- _WORK REQUIRED_:
In the listing beneath this line, copy exactly the lines starting with the one containing "Tissu Lainage Foulé" and going on through the one containing "Pierogi and Meatball Skillet".

- _RECORDS SHOWN_:

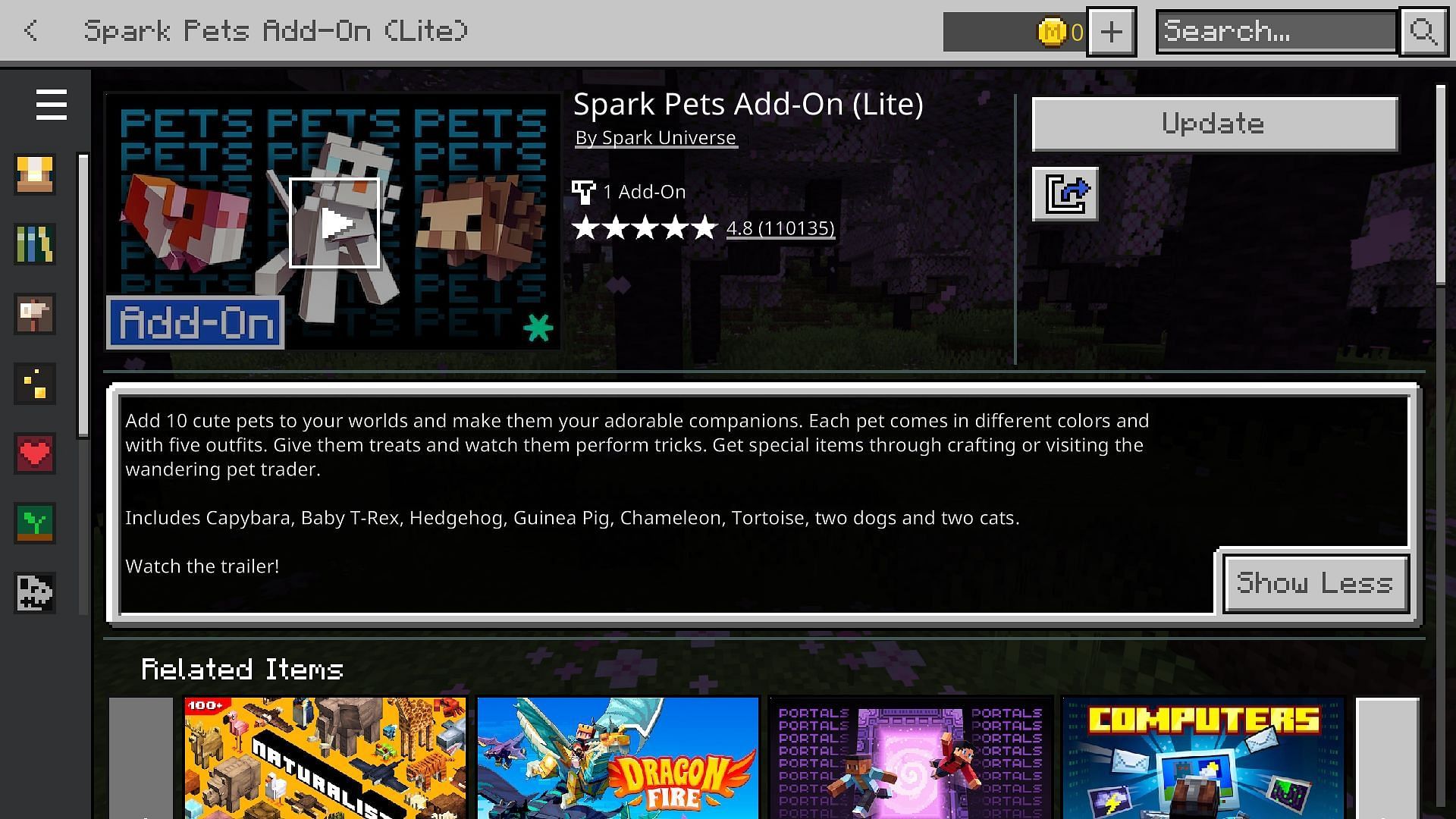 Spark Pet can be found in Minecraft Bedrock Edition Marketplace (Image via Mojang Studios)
==
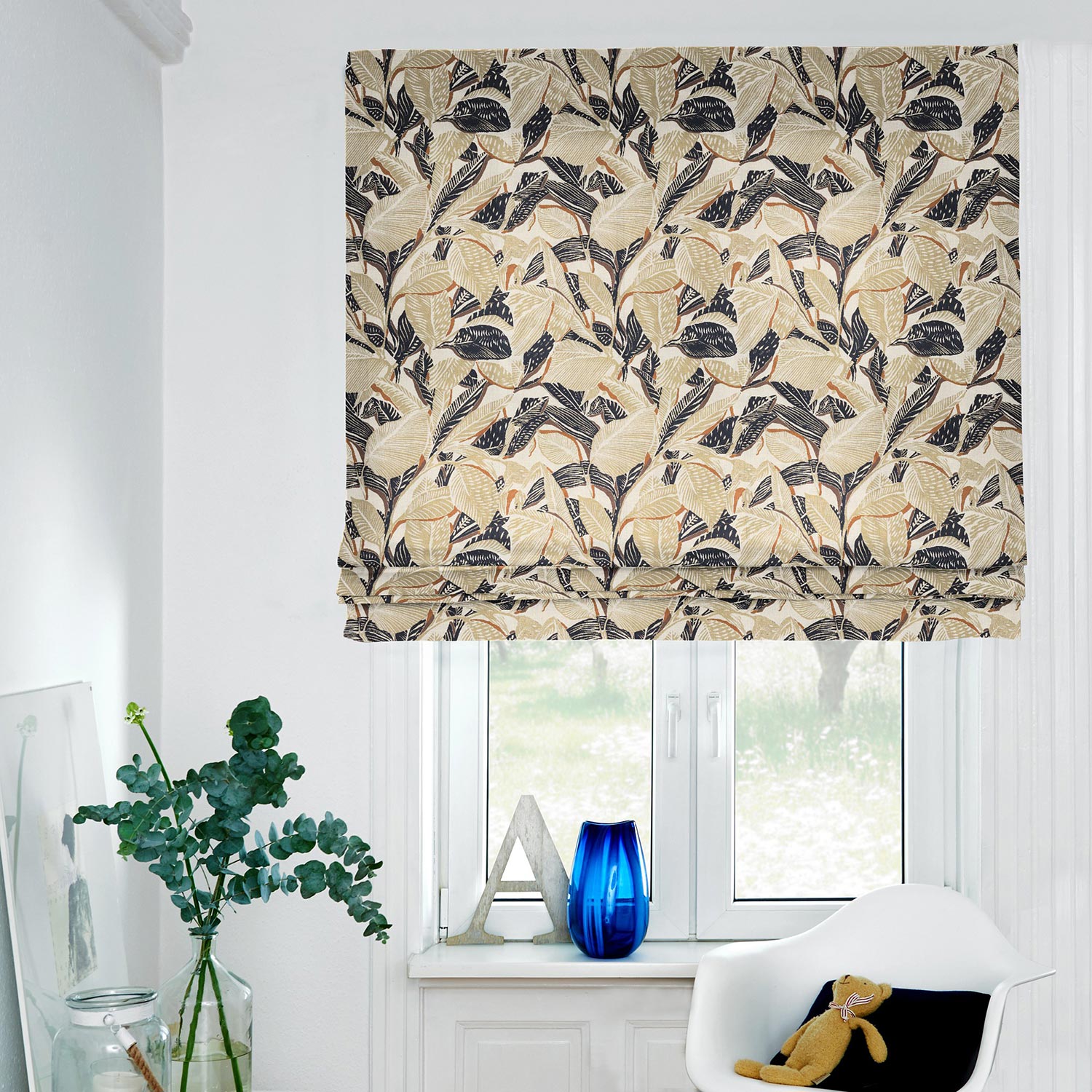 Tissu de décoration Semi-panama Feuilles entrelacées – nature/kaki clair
--
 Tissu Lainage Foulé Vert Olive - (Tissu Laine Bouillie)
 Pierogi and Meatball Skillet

- _SOLUTION TO THE PROBLEM_:
 Tissu Lainage Foulé Vert Olive - (Tissu Laine Bouillie)
 Pierogi and Meatball Skillet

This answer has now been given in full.